Norwegian Salmon Sushi
Japanese sushi didn’t contain salmon until a deal with Norway in 1992.
Like many of the oldest things in Japan, sushi originally came from China. Its earliest form was fish stored in fermented rice. The rice was used as a preservative and wasn’t eaten. Through a series of culinary improvements over the centuries the dish eventually became raw fish served with rice (to be eaten, not thrown out), which is how we know it today.
Of the fish used to make sushi, salmon was not usually one of them. Pacific salmon tend to have parasites, making it unsafe to eat raw and needing to be cooked. Enter the Norwegians. Bjorn Eirik Olsen was part of a delegation to Japan in 1985 trying to sell Norwegian salmon to the Japanese.

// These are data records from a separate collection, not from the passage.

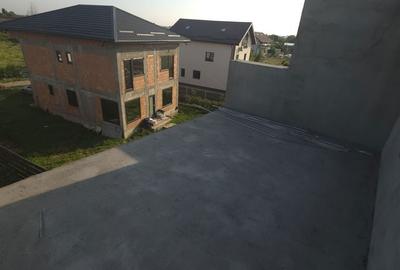 Casă cu 4 camere cu Teren 200 Mp în Central - 18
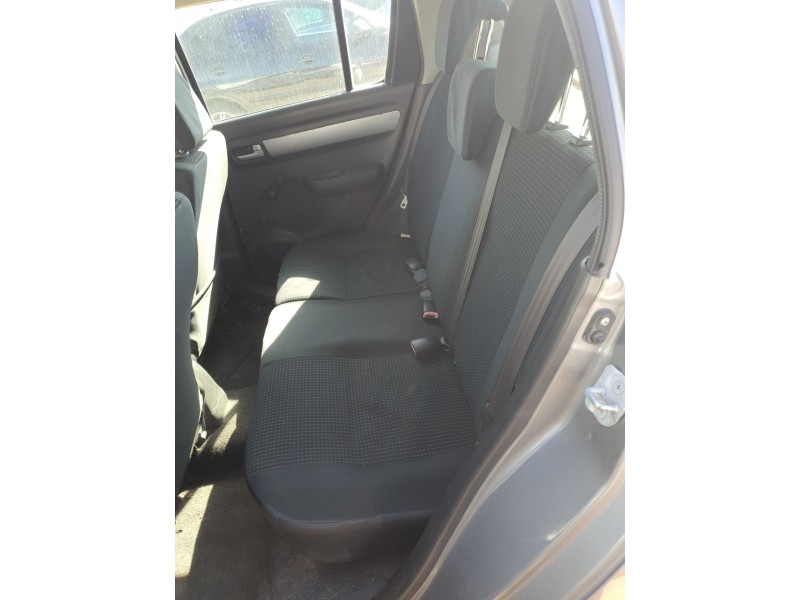 Recambio de asientos traseros para suzuki swift iii (mz, ez) 1.3 (rs 413) referencia OEM IAM   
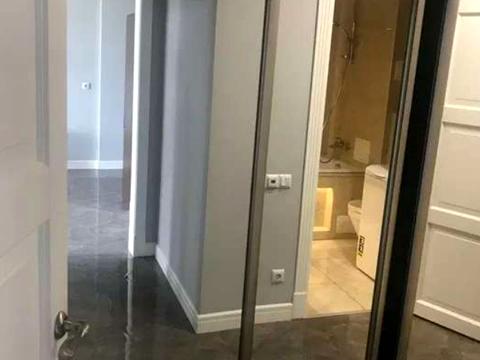 квартира за адресою Регенераторна вул., 4 к13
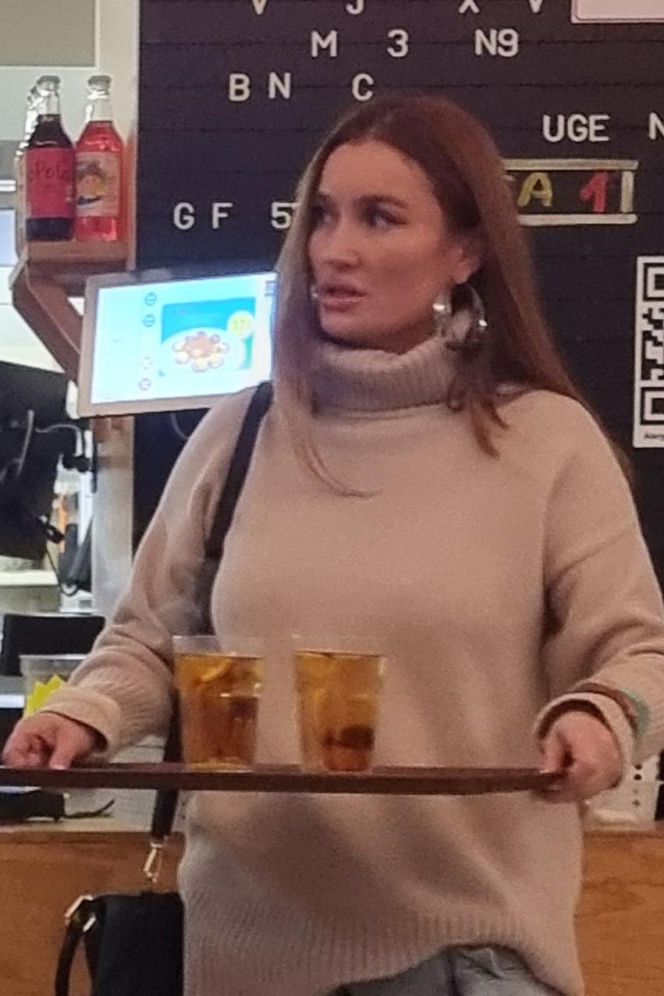 Joanna Krupa z siostrą Martą. Zjadły w mlecznym i poszły po patelnię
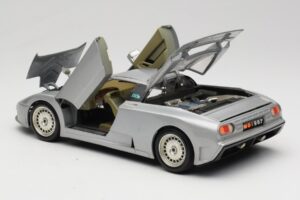 Bugatti EB110 Silver Bburago 1:18 3035-S Diecast - image 5 of 8
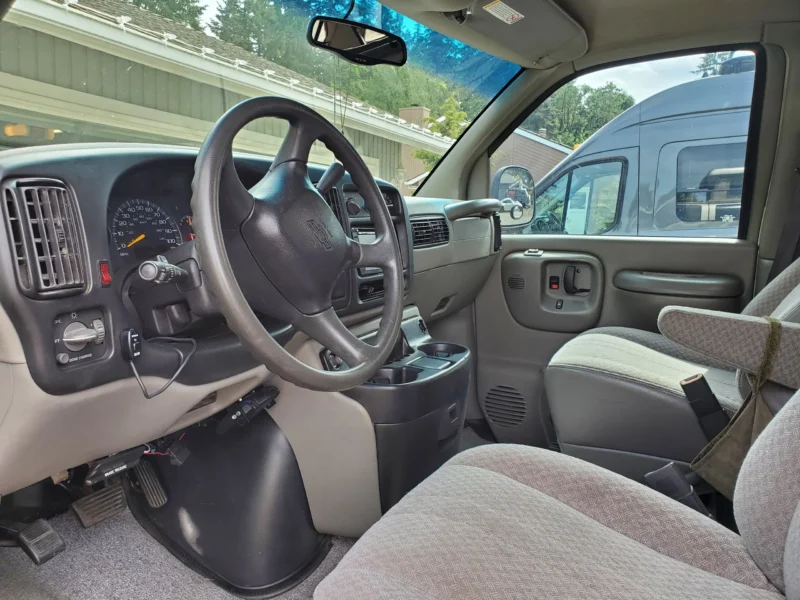2001 Chevy Express 2500 EB50 Penthouse Top, dash and driver seat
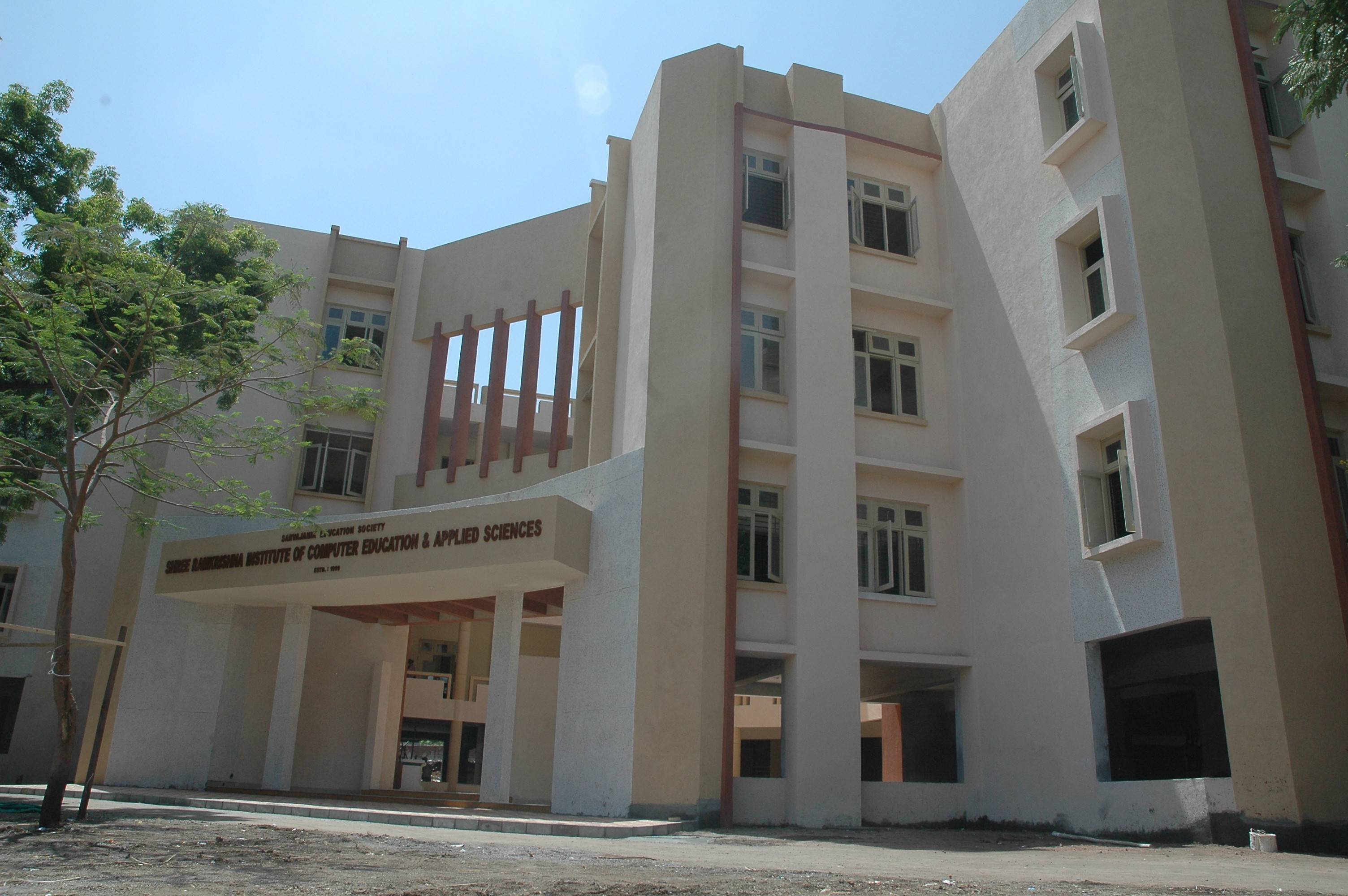 Shree Ramkrishna Institute of Computer Education and Applied Science, Surat Image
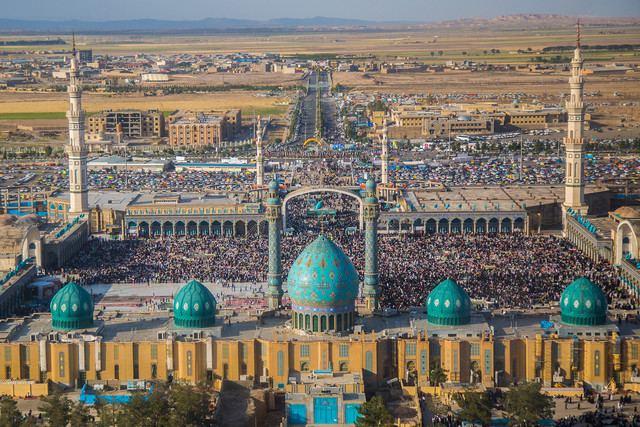 اقامه نماز عید قربان در مسجد مقدس جمکران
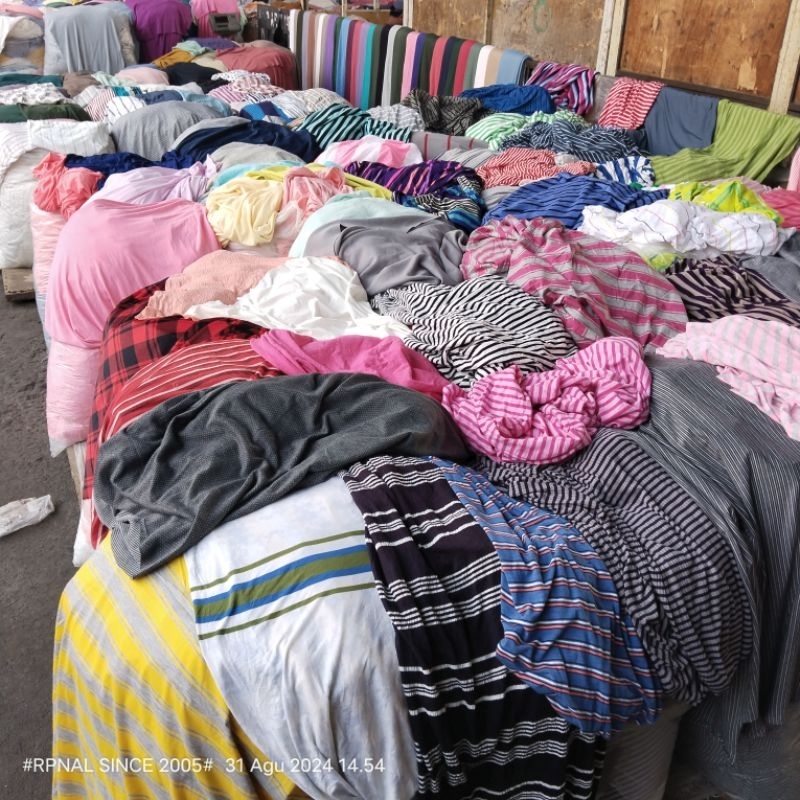 HARGA/0,5 M I BAHAN KAOS KATUN MOTIF I BAHAN KAOS MOTIF SALUR I KAIN KAOS MOTIF GARIS I KAIN STRIPE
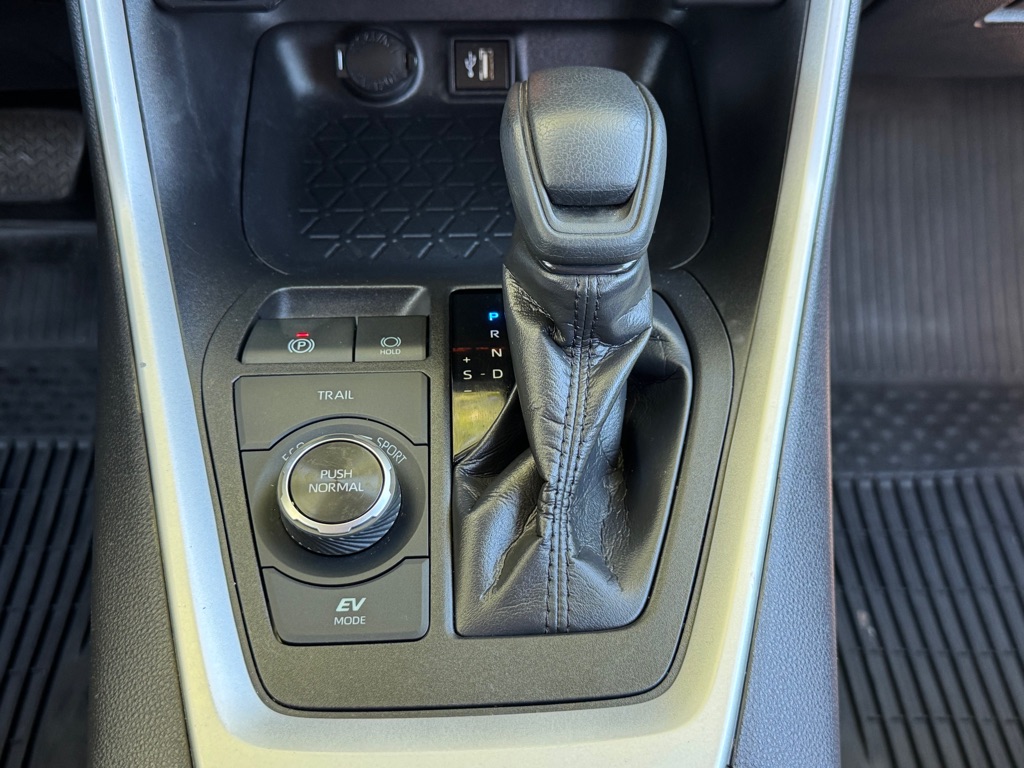 Photo 16 of this TOYOTA RAV4 HYBRID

Norway had begun farming salmon in the 1970s and by the 1980s had an excessive amount of fish they needed to find buyers for. At the same time Japan had overfished their waters and were looking to diversify their supply of fish.
Selling salmon to the Japanese public for use in sushi was a difficult proposition because Japanese salmon wasn’t safe to eat raw. A marketing campaign couldn’t say that Norwegian salmon was parasite-free since that would only make people think of parasites, which wouldn’t help sales. It took a few years but by 1992 Olsen got Japanese frozen food producer Nichirei to purchase 5,000 tons of salmon at a heavily discounted price but on the condition that they sell it in grocery stores as raw salmon specifically for sushi. They also labeled their parasite-free Atlantic Norwegian salmon as ‘sāmon’ instead of the Japanese word for salmon ‘sake’, to help differentiate the two types. This was followed by a marketing campaign where they had chefs on Japanese TV demonstrate using salmon. It was a success.
In the years that followed salmon’s popularity took off. Salmon sushi started in the cheap sushi restaurants but eventually spread to restaurants of all levels in Japan and around the world.